Plaidoyer de la société civile

Plusieurs groupes américains de défense des droits du travail ont intenté une action en justice contre l’administration américaine, car les compressions budgétaires soudaines imposées à l’ILAB ont compromis les divers efforts visant à garantir les droits du travail à l’échelle mondiale et à permettre aux victimes d’abus en matière de travail d’obtenir une réparation. Plusieurs groupes ont lancé un appel public pour rétablir le financement.

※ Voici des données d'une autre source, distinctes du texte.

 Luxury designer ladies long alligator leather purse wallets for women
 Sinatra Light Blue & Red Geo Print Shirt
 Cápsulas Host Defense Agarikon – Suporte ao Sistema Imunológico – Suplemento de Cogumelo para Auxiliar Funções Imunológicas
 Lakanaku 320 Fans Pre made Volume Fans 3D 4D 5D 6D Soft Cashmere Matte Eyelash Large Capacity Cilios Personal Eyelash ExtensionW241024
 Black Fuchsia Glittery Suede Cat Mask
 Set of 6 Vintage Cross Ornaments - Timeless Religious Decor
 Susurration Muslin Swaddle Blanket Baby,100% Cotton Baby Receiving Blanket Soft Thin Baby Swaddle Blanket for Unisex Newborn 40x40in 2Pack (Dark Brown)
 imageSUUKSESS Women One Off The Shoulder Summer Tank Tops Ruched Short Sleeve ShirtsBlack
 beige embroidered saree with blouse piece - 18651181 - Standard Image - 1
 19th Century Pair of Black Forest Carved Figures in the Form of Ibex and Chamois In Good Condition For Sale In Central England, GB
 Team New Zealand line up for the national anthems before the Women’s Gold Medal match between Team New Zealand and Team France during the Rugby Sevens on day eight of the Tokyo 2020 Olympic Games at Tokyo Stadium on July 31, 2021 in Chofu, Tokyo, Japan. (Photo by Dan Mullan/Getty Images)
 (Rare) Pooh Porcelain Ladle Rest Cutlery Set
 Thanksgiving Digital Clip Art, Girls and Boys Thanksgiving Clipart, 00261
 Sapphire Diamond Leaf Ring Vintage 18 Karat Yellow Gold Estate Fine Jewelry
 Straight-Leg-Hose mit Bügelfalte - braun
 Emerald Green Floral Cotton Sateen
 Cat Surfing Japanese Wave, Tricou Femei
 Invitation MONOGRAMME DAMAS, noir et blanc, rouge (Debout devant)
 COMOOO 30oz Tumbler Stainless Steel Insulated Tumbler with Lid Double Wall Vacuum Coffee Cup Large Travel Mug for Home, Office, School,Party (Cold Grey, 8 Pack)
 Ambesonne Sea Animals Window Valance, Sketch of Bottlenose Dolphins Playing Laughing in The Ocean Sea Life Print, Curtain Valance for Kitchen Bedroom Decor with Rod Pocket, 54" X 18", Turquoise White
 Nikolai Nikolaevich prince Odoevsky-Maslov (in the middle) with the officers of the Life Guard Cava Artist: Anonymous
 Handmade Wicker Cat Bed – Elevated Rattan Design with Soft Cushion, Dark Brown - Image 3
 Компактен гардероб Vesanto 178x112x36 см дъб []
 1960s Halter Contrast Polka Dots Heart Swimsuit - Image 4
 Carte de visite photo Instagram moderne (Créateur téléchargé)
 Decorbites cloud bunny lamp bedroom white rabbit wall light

Pendant ce temps, les syndicats et les groupes de défense des droits humains du monde entier continuent à faire pression pour la justice laborale. Les 18 membres de la Coalition Against Forced Labour in Trade (CAFLT, pour son sigle en anglais), qui représentent des groupes du Canada, des États-Unis, du Mexique, du Chili, du Japon, de la Corée du Sud, de l’Australie, du Royaume-Uni et de l’UE, se sont également montrés particulièrement actifs dans la défense de l’idée qu’aucun pays ne doit devenir un refuge pour le travail forcé, en réclamant des interdictions d’importation axées sur les revindications des travailleuses et travailleurs.

Les compressions budgétaires chez ILAB et les changements dans l’approche des États-Unis, bien que dévastateurs, ne devraient pas nuire à la capacité du Canada à traiter cet enjeu. Au contraire, nous avons l’occasion de devenir un chef de file en refusant d’importer des produits issus du travail forcé, en répondant aux demandes de la société civile et en nous accordant avec d’autres pays qui prennent des mesures pour protéger les travailleuses et travailleurs à l’échelle mondiale.